From the time my daughter turned about 1 month old and learned how to hold her head up, she was determined to keep it off of our shoulders. No snuggles or hugs for this baby girl. The second you put her to your shoulder and even suggested a cuddle with a light touch on the head, you could feel the strain of her tiny, yet strong muscles pushing back with all of their might. Knowing she would be my last baby, it made me so sad. But there was nothing that could be done. She knew what she wanted and she did NOT want to snuggle!
By the time she turned about 18 months, we had finally broken her spirit some and she started accepting hugs when hurt, and EVERY once in a while, a snuggle for no other reason but for snuggles sake. But it always had to be on her terms. And I relished every embrace she would offer, for I never knew when the next one would be coming!
Now at 5 years old, she will cuddle a little more often. During a movie on the couch, for a few minutes, I will find myself with a little head on my shoulder. I soak in every second, holding still as to not spook her. No matter what, though, after a few minutes, the restless, independent little girl starts to wiggle free. While my heart breaks a little as she moves a few inches away from me, it is also bursting from even the shortest of cuddles.
Yesterday, I heard a soft knock on my bedroom door. I open it to find the smallest member of our family standing in front of me…in all her messy, high, dirty blonde pony tail and same nightgown she has worn the last 97 days straight glory.
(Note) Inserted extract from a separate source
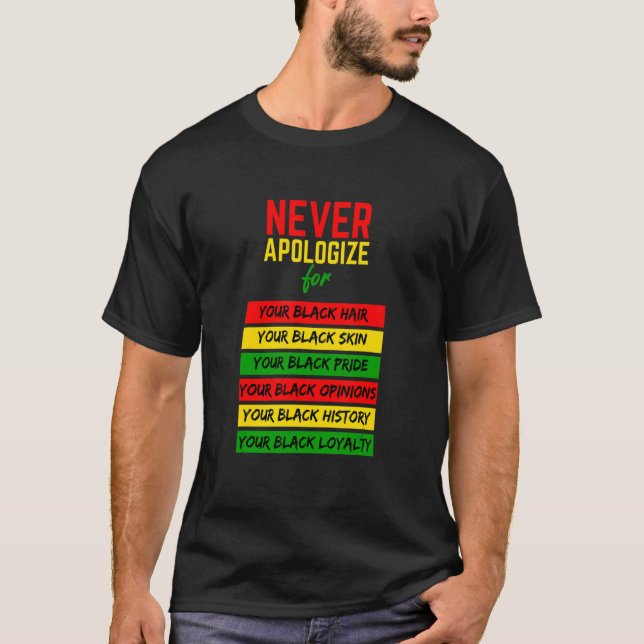 Camiseta Nunca te disculpes por los negros afroamericanos d (Anverso)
She reaches out for a hug (yes! you read that right! a hug!) and then utters the most amazing words, “Mommy, will you come cuddle with me??” :O After I got up off the floor, I said yes! I’ll be right there! I quickly threw my clothes on and ran to her room as quickly as I could. I had no idea how long this request was good for, and I didn’t want to miss it!
She sees me, rubs her hand on her bed, “I made a spot for you mommy.” Cue tears. I climbed into her bed and squeezed myself into the tiny space she carved out for me. We laid quietly for only a few minutes. But they were the best minutes in the world.